§ **Problem requirements**:
Leave out the pictures, and copy exactly the lines from the line with "Modern Photo Notary" through the last line of the data below.

[Opening Records for this exercise section]

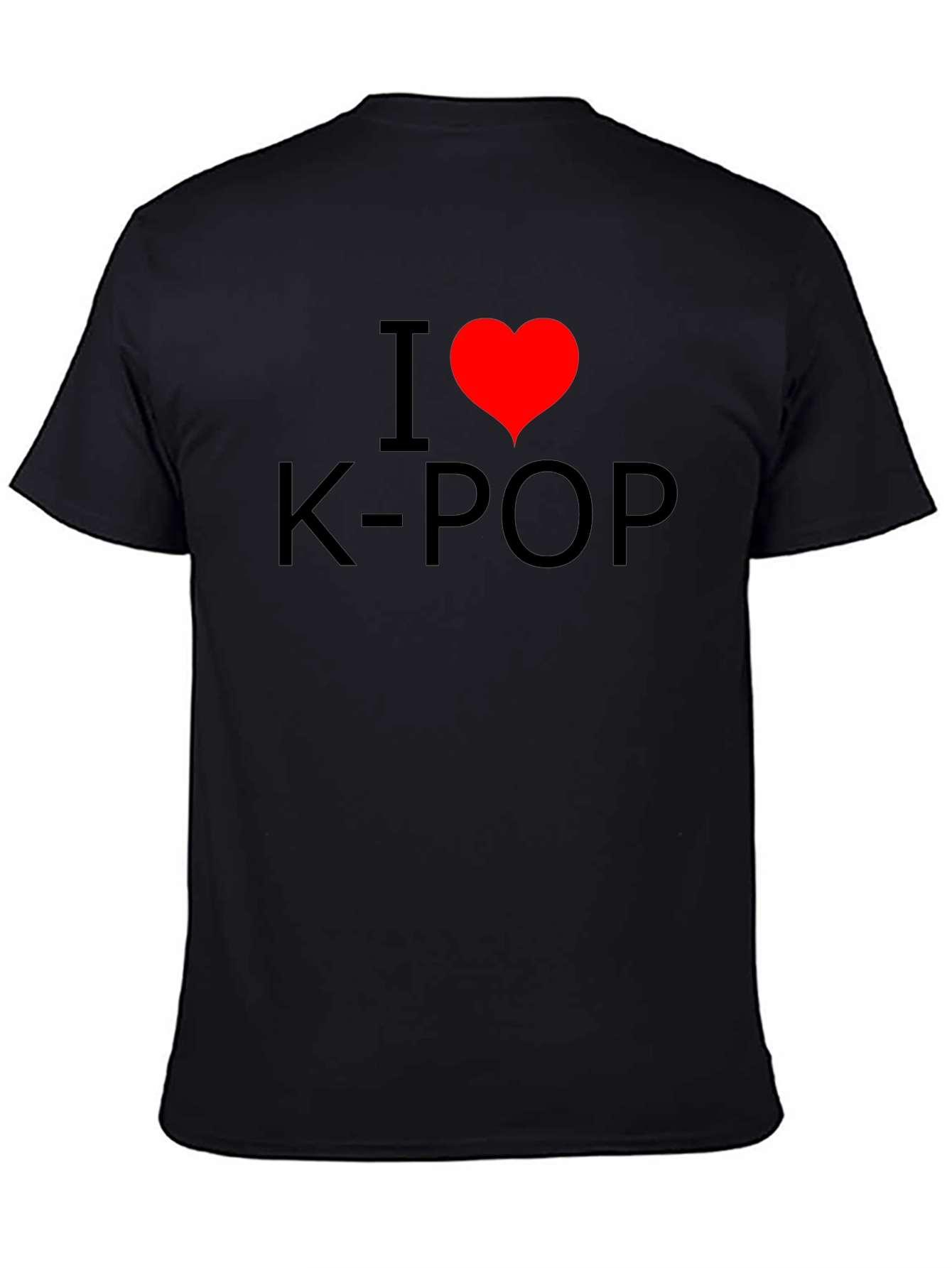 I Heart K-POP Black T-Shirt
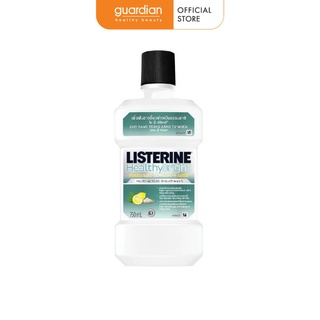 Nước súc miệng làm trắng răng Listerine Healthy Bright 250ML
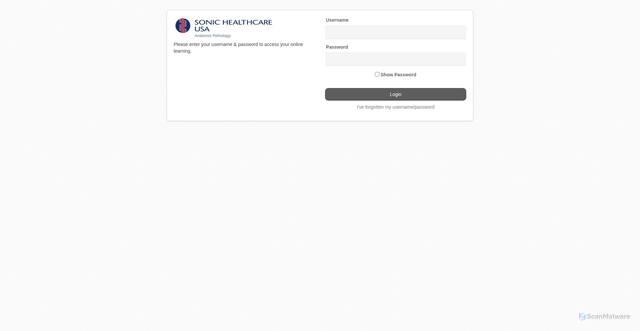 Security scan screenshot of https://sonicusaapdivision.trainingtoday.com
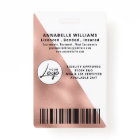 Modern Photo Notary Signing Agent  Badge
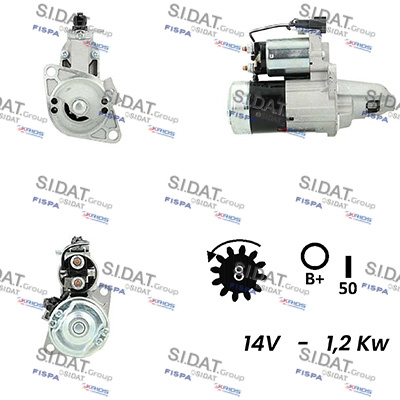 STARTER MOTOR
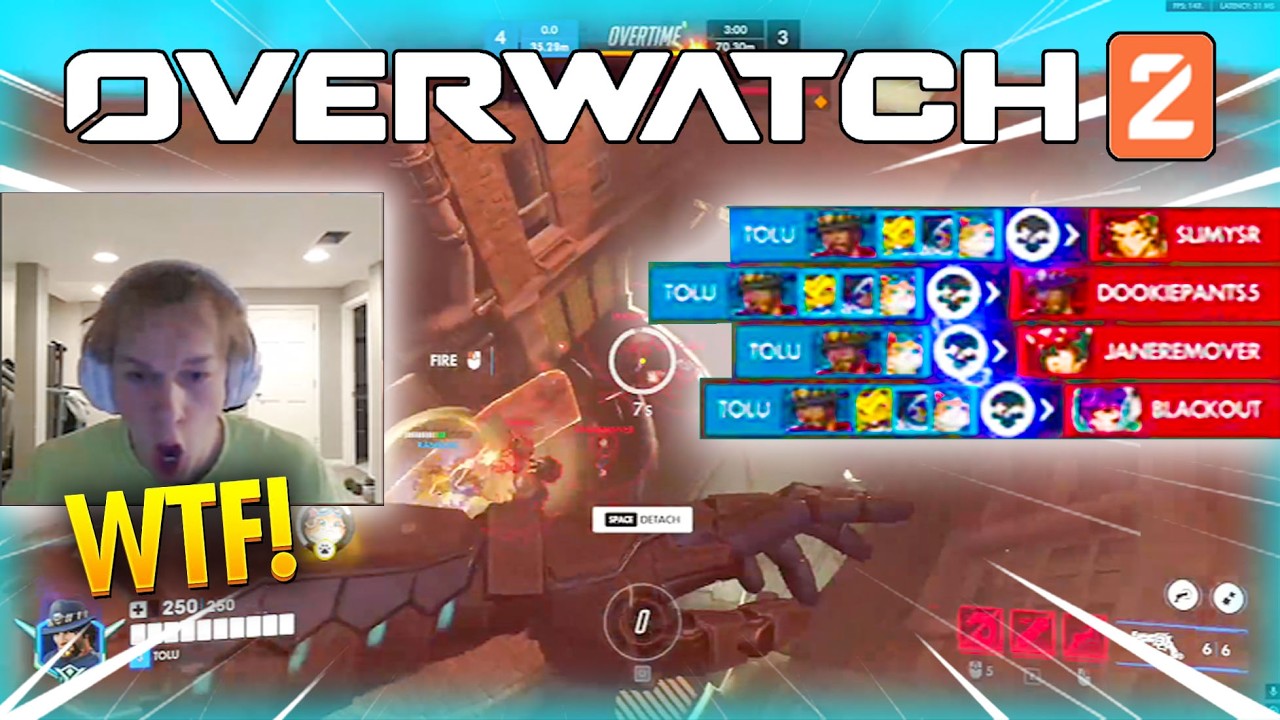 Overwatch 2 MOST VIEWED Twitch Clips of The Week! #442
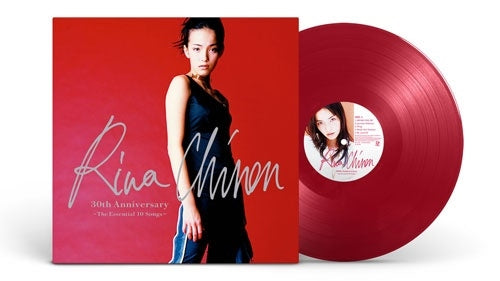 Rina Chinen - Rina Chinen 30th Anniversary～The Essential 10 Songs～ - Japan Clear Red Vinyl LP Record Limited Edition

[Closing Records for this exercise section]

§ **Your solution**:
 Modern Photo Notary Signing Agent  Badge
 STARTER MOTOR
 Overwatch 2 MOST VIEWED Twitch Clips of The Week! #442
 Rina Chinen - Rina Chinen 30th Anniversary～The Essential 10 Songs～ - Japan Clear Red Vinyl LP Record Limited Edition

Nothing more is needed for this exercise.